First, you need to understand your financial situation. Some students are so fearful regarding debts, obligations, or the future that they do not turn to look at reality. As they begin to avoid their responsibilities, they fall into dangerous cycles of procrastination, which hurts grades, achievement, and most important – happiness.

So the first real rule of college is: happiness requires responsibility. Yes, we know you have heard this before, probably from parents. We are not your parents, yet we are saying the same thing, due to the state of the economy, education, and industrial design as a career. Knowing that financial flexibility is a huge part of long-term success in the field, we suggest you start considering your debts, assets, and obligations now. Open a dialogue with parents regarding their expectations and their financial commitments to you.

That does not mean you need to wrest control of your college education payments from your parents, but it does entail some involvement. Even if you are not receiving financial aid, it will still improve your self-respect to ask them about their expectations regarding payment after college.

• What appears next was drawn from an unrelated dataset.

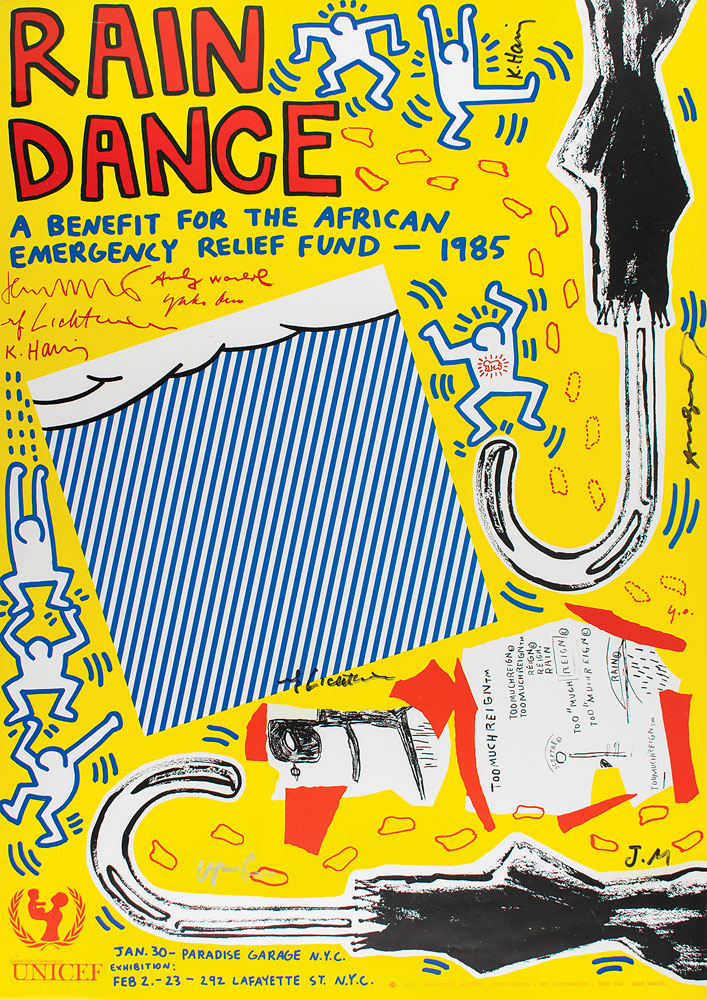 Lot #3048  Haring, Warhol, Lichtenstein, Basquiat, and Ono Signed 'Rain Dance' Poster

Would they support you if you took a low-paying internship in New York in order to gain work experience? Would they be willing to pay for your advanced degree at industrial design schools?

This conversation does not need to take place in a single day. In fact, it would not be effective if it did. Expect to open a dialogue, asserting that you want the best for your future and you want their money to go toward the best possible use.

Once you know what your parents are willing to do to support you in your career, you will be able to start planning steps toward your future. In addition, you may be able to suggest some better ways they could spend their money. For instance, if they are paying full price for your education but are unwilling to pay any more support for a graduate degree in industrial design, you could suggest that you participate in a work – study program now, so that they would support you later, either to pay off student loans after your graduate.

You will also want to consider summer internships at industrial design firms, or possibly positions that continue throughout the year. Taking these positions will advance your career while you are still finishing school. Once you graduate, you will likely be able to skip entry-level positions entirely, or have balanced your educational expertise with some real-world experience. That combination is extremely valuable, preparing the way for an MFA or a lucrative career, whichever you want.